In anticipation of the automated courtesy bump, I'll elaborate.
For example, take this scenario from another thread:
we have an association with 10 members, but in this case 5 men and 5 women. The association shall elect a board with 4 members, one chairperson, one vice chairperson, one secretary, and one treasurer. According to the statutes, the chairperson and the vice chairperson must have different sexes, and no person can uphold more than one of these four positions. There are no other restrictions of how the board can be composed
To enumerate the possible boards, suppose we think of column vectors with 3 entires. The entries aren't numbers, they are just symbols. An entry like \begin{pmatrix} x_2\\ M\\C \end{pmatrix}
has the interpretation that x_2 denotes particular individual, the M denotes he is male. The C indicates he is selected as the chairperson.
We try to represent the boards as terms in the symbolic multiplication (vector entry by vector entry):
\big( \begin{pmatrix} x_1 \\ M\\ C \end{pmatrix} + ...+ \begin{pmatrix} x_{10} \\ F \\ C \end{pmatrix} \big)

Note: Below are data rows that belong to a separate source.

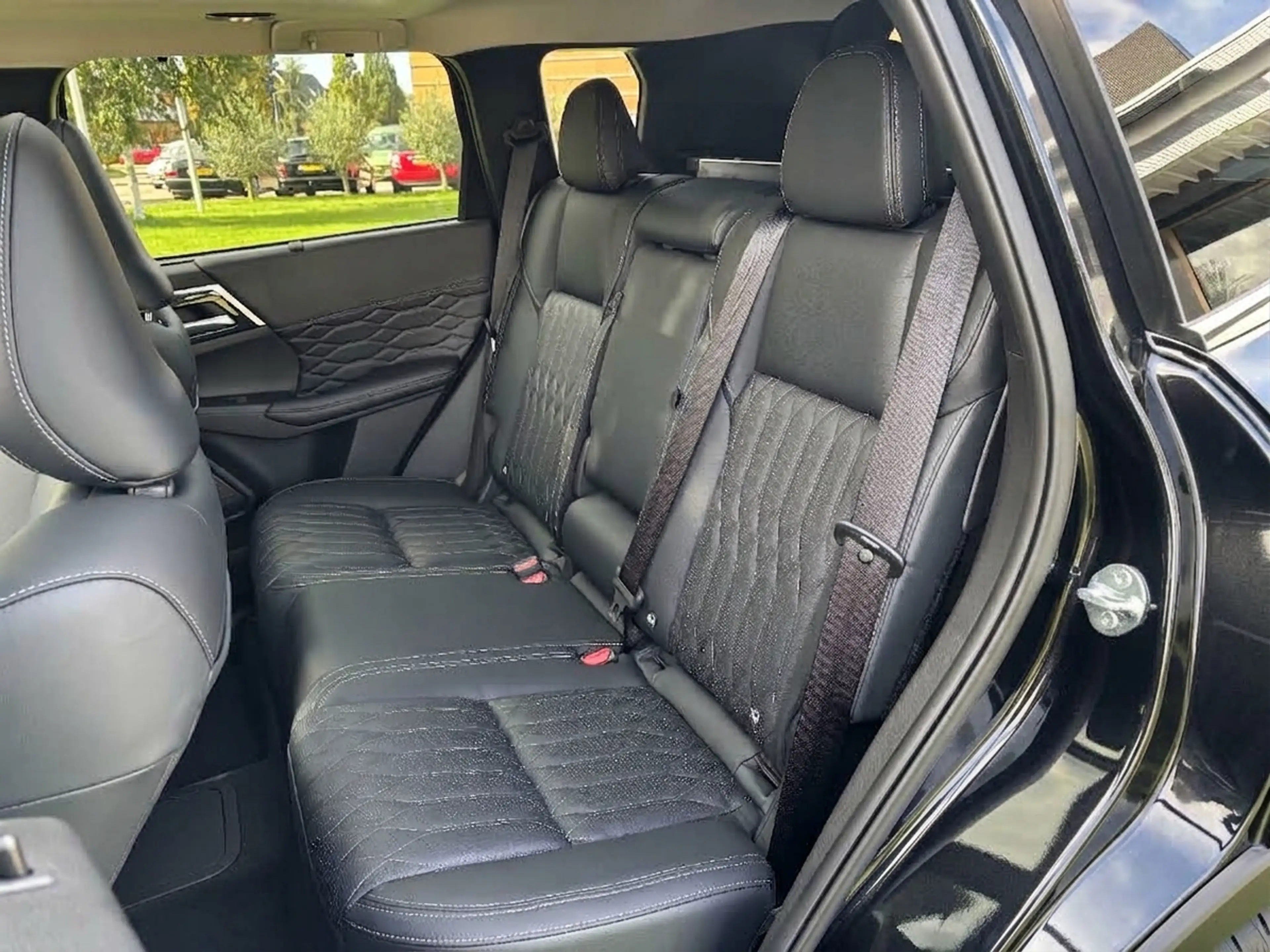 Mitsubishi Outlander 2.4 PHEV Instyle — photo 6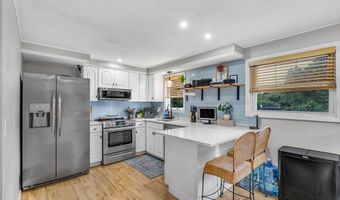 12 Arrowhead Rd, Bellingham, MA 02019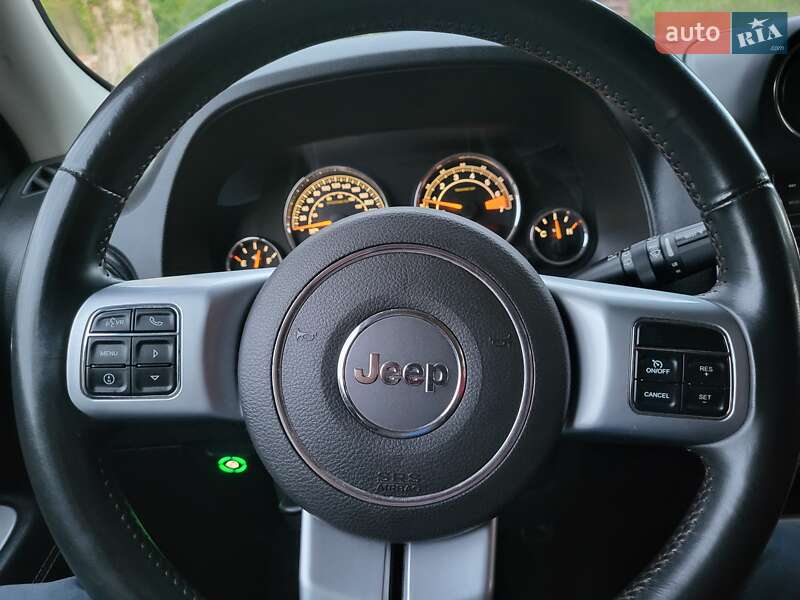 Позашляховик / Кросовер Jeep Patriot 2015 в Києві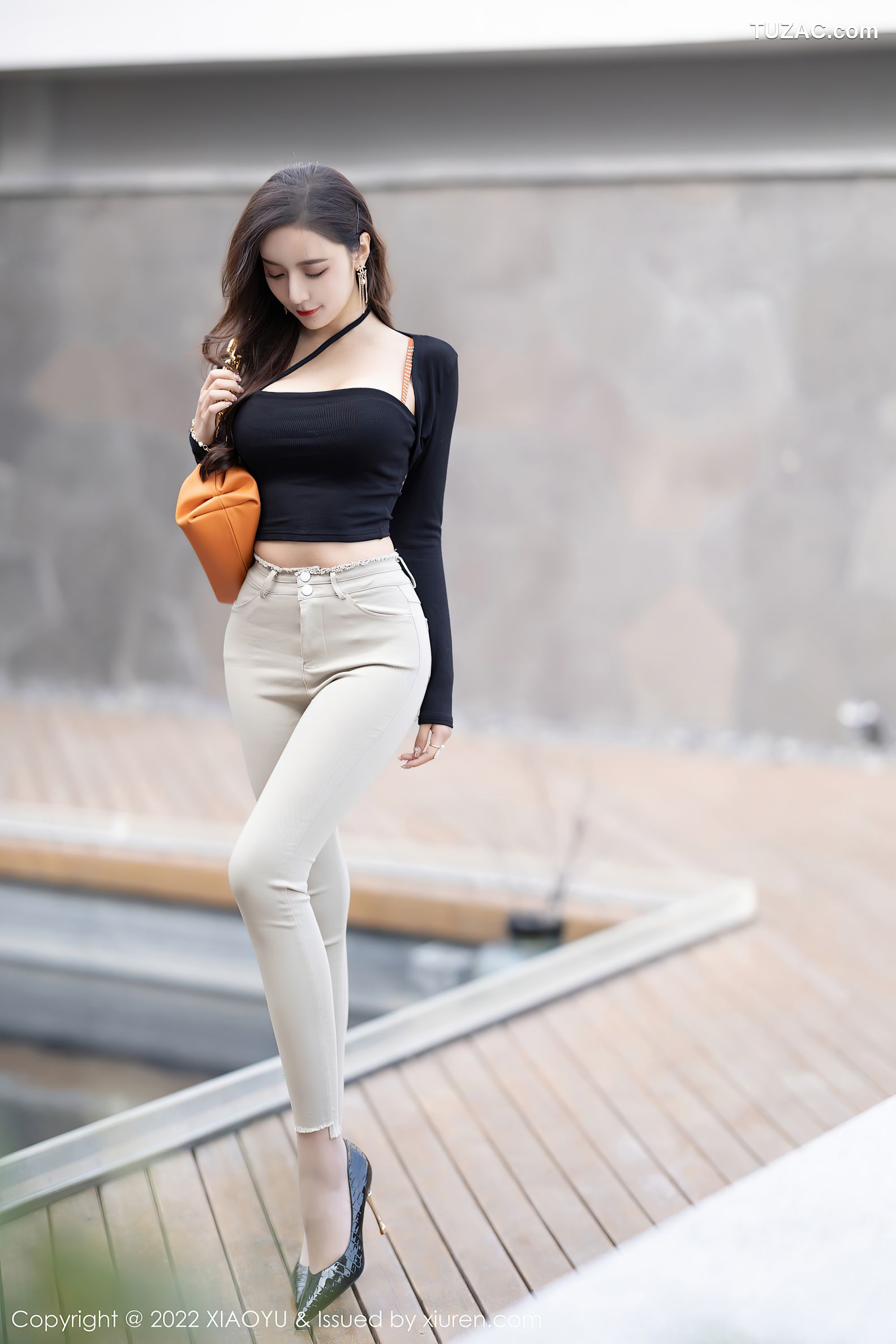 XiaoYu语画界-762-王馨瑶Yanni-惠州旅拍户外橙色内衣原色丝袜-2022.04.21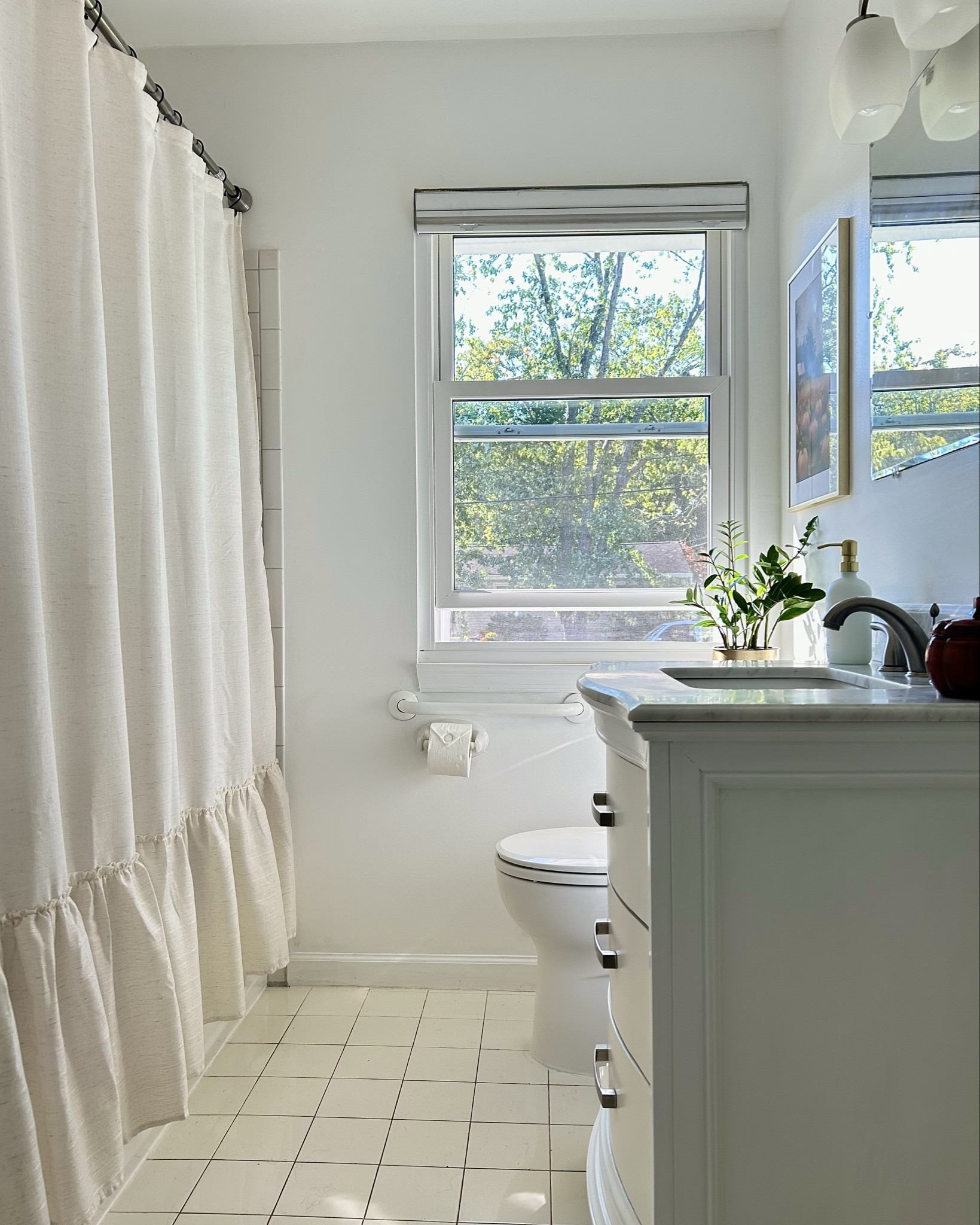 Very Demure 🤌🏻

This shower curtain was a Lowe’s find. Beautiful Lux in a budget. 
Minimalist bathroom. Neutral bathroom decor. 

#LTKFindsUnder50 #LTKHome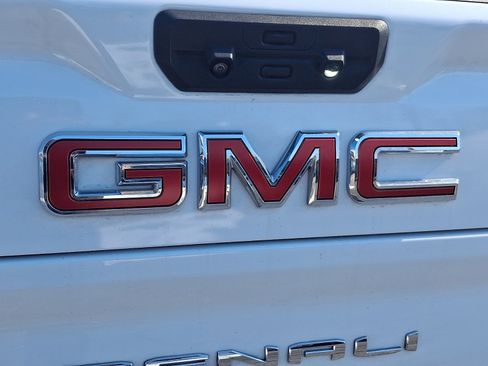 Certified 2022 GMC Sierra 2500 Denali w/ Denali Ultimate Package image 32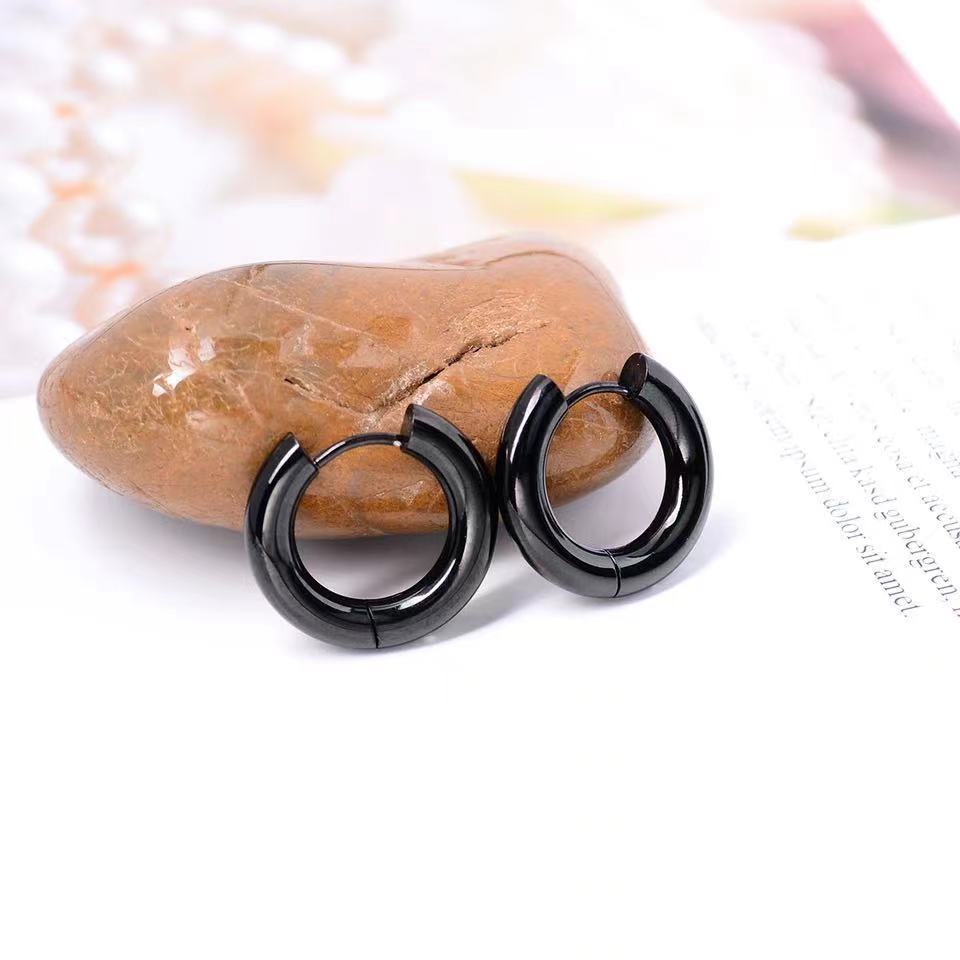 Small Commodity Heavy Metal Gold Round Stainless Earrings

\big( \begin{pmatrix} x_1 \\ M\\ V \end{pmatrix} + ...+ \begin{pmatrix} x_{10} \\ F \\ V \end{pmatrix} \big)
\big( \begin{pmatrix} x_1 \\ M\\ S \end{pmatrix} + ...+ \begin{pmatrix} x_{10} \\ F \\ S \end{pmatrix} \big)
\big( \begin{pmatrix} x_1 \\ M\\ T \end{pmatrix} + ...+ \begin{pmatrix} x_{10} \\ F \\ T \end{pmatrix} \big)
But this multiplication produces terms that represent illegal selections such as
\begin{pmatrix} x_1 x_5 x_6 x_6 \\ M M F F \\ C V S T\end{pmatrix}
which has the flaws that member x_6 holds two offices and the chairperson (C) and vice chairperson (V) have the same gender.
To rectify this, we could stipulate that the symbols come from some algebraic structure that makes the illegal combinations equal to a kind of zero ( or "unity" or anything that makes them conveniently distinguishable as illegal). For example, we could say that x_i^2 = 0 and
\begin{pmatrix} x_i x_j \\ M^2 \\ CV \end{pmatrix} = \begin{pmatrix} x_i x_j \\ F^2 \\ CV \end{pmatrix} = \begin{pmatrix} 0 \\ 0 \\ 0 \end{pmatrix}
and further any column vector with a 0 entry is equivalent to a column vector of all zeroes.
Rather than such ad hoc stipulations, it would be nice to find a construction using well known mathematical structures where the stipulations are properties of the structures.